Endoscopy 2024; 56(S 02): S436
DOI: 10.1055/s-0044-1783795
Abstracts | ESGE Days 2024
ePoster

Stenosis of superior mesenteric artery – can endoscopic ultrasound become a diagnostic method of choice?

I. Budimir
1   Sisters of Charity Hospital, Zagreb, Croatia
,
F. Babić
1   Sisters of Charity Hospital, Zagreb, Croatia
,
T. Pavic
1   Sisters of Charity Hospital, Zagreb, Croatia
,
M. Nikolić
1   Sisters of Charity Hospital, Zagreb, Croatia
,
L. Novosel
1   Sisters of Charity Hospital, Zagreb, Croatia
,
D. Hrabar
1   Sisters of Charity Hospital, Zagreb, Croatia
,
N. Ljubičić
1   Sisters of Charity Hospital, Zagreb, Croatia
› Author Affiliations
 

Aims Mesenteric ischemia is a rare condition caused by a reduction in the intestinal blood flow and can be classified as acute or chronic depending on the time course of symptoms. The main etiological factor is atherosclerotic narrowing of the origins of the celiac or superior mesenteric arteries (SMAs), but clinical manifestations are rare. Due to the importance of timely diagnosis, guidelines recommend to perform the computed tomographic (CT) angiography as a gold standard in the patients with suggestive symptoms. The aim of this study was to present the diagnostic dilemmas in determining clinically significant stenosis of SMA that manifested with recurrent episodes of acute postprandial abdominal pain (also known as "intestinal angina") and significant weight loss.

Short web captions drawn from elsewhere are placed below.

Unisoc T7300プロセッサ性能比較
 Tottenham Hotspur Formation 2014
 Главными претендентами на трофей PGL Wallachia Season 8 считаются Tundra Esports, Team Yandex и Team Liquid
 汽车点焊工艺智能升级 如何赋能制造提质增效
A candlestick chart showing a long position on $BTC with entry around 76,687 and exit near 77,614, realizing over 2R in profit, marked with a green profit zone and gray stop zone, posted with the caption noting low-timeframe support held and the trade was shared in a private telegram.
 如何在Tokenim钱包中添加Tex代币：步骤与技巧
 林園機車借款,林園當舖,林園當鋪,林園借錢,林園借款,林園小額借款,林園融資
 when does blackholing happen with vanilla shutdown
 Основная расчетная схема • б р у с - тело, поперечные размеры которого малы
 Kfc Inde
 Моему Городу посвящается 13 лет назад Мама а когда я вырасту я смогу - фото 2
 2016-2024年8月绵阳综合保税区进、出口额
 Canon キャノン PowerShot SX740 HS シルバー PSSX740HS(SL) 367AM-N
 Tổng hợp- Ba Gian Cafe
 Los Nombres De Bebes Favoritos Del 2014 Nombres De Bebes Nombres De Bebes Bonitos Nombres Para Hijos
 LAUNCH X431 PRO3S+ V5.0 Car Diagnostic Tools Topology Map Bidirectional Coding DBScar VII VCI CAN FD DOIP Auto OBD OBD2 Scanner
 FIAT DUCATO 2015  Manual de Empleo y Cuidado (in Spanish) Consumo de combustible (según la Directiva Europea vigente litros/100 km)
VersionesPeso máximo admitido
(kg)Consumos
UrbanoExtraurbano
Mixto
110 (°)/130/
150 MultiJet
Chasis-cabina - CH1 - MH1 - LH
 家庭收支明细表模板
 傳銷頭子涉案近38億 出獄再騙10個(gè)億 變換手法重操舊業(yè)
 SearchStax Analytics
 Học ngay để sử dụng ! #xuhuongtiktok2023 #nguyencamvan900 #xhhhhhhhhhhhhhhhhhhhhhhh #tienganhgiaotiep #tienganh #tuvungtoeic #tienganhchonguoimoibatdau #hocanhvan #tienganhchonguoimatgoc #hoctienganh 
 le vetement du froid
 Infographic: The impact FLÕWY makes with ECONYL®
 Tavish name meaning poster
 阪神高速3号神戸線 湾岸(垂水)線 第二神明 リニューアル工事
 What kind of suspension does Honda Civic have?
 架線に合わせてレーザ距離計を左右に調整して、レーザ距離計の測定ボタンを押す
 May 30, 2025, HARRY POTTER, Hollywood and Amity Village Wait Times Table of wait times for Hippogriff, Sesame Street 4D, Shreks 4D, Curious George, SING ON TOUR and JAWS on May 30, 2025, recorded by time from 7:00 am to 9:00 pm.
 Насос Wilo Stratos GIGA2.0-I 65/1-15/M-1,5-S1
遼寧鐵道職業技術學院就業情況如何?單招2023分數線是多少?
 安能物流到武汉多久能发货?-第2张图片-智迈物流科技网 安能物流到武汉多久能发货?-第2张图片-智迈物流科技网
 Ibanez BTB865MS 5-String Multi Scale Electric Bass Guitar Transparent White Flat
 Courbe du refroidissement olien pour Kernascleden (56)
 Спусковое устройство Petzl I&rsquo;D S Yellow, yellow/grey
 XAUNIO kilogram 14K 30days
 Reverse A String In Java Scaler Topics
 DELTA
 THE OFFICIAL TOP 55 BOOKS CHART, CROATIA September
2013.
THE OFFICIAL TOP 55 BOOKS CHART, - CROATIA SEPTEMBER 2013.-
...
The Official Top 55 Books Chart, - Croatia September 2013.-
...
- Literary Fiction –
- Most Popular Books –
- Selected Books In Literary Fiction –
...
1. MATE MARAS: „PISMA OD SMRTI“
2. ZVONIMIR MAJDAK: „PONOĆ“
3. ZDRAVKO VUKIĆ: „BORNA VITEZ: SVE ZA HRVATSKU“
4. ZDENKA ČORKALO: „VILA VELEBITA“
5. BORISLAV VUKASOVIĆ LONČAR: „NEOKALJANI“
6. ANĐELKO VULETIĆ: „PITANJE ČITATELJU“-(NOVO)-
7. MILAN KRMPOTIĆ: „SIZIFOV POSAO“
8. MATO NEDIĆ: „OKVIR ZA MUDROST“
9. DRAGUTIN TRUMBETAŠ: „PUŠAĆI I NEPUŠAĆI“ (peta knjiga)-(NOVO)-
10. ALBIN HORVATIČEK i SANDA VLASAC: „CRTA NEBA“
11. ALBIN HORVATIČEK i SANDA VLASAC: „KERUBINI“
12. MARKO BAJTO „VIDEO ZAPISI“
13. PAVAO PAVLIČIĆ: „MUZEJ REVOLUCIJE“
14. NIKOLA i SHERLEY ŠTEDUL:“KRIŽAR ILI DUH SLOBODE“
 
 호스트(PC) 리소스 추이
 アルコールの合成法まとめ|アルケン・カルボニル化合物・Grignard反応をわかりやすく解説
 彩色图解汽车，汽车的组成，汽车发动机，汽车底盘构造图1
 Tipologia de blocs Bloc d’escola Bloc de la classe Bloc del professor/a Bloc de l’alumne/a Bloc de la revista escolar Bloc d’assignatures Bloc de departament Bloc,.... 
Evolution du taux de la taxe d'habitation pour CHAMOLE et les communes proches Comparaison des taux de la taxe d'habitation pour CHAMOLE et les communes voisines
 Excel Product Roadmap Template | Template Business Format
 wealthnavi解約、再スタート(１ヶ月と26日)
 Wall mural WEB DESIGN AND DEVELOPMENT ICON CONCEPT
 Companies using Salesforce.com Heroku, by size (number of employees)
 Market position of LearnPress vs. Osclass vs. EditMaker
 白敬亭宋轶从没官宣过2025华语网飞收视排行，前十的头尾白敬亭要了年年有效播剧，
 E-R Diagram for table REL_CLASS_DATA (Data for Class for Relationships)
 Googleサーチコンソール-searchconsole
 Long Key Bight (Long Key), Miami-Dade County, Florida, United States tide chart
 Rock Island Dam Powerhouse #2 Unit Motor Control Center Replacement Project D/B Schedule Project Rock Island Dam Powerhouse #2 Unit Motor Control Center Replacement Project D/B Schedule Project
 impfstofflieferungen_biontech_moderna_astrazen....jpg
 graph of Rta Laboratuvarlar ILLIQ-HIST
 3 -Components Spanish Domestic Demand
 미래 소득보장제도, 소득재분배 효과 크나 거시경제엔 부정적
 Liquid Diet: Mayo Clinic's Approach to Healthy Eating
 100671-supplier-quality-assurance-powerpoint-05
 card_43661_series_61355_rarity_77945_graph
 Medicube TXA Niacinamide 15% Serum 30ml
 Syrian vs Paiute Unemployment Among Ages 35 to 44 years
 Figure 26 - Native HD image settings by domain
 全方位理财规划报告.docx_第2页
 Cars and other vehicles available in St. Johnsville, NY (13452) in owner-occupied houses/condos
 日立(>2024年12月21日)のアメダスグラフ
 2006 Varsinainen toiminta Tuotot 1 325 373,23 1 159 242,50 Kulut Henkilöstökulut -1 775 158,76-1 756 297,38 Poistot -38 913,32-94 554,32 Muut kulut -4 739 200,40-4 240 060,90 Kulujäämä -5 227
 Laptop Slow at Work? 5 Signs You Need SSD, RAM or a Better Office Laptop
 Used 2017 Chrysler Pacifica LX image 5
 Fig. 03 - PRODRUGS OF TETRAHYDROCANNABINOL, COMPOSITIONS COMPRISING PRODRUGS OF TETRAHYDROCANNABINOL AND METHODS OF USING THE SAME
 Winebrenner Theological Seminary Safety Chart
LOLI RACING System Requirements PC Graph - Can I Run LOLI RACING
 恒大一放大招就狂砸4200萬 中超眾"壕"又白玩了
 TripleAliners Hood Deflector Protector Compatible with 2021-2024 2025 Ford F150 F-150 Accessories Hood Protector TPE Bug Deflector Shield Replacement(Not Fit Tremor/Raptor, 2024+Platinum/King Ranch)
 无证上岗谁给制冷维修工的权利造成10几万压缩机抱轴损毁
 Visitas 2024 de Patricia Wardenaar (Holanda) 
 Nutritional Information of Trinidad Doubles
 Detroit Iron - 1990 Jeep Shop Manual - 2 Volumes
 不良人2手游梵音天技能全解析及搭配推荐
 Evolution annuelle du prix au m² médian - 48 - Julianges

Methods This prospective study recruited 11 patients with SMA stenosis admitted to the Division of Gastroenterology and Hepatology, University Hospital Center ‘’Sestre milosrdnice’’, Zagreb, from January 2018 to December 2022. Initial abdominal ultrasound with Duplex scanning and Doppler flowmetry was used to make diganosis [peak systolic velocity greater than 3 m/s (PSV>3 m/s) and end diastolic velocity greater than 45 cm/s (EDV>45 cm/s)]. Furthermore, CT angiography was performed in all patients to confirm the diagnosis. Patients with SMA stenosis greater than 50% were treated with an endovascular revascularization procedure [percutaneous transluminal mesenteric angioplasty with stenting (PTMAS)]. Patients were followed up for three months after the procedure.Endoscopic ultrasound with Doppler flowmetry (EUSDF) was initially used in a portion of patients with a suspected tumor of the pancreas. [1] [2] [3]

Results 90% of patients were female, mean age 75 years (±10.3 years). All patients had significant SMA stenosis (PSV>3 m/s and EDV>45 cm/s) seen on Doppler flowmetry. Additionally, in three patients the SMA stenosis was suspected on endoscopic ultrasound Doppler flowmetry (EUSDF). The diagnosis was confirmed using CT angiography. The cause of stenosis in all patients was generalized atherosclerotic disease while the main risk factors were smoking (50% of patients) and diabetes mellitus type 2 (60% of patients). 3 patients did not consent to endovascular procedure and were treated conservatively (acetylsalicylic acid). PTMAS was carried out in 6 patients and surgery revascularization was performed in one patient. One patient died from SMA thrombosis while awaiting PTMAS. All patients treated with PTMAS and surgical had resolution of abdominal pain and significant weight gain in the follow up period.

Conclusions Doppler flowmetry is a diagnostic method of choice in patients with suspected SMA stenosis with EUSDF being valuable auxiliary diagnostic tool. Due to small sample size, further investigation is needed to position the role of EUSDF in the diagnosis of SMA stenosis.



Publication History

Article published online:
15 April 2024

© 2024. European Society of Gastrointestinal Endoscopy. All rights reserved.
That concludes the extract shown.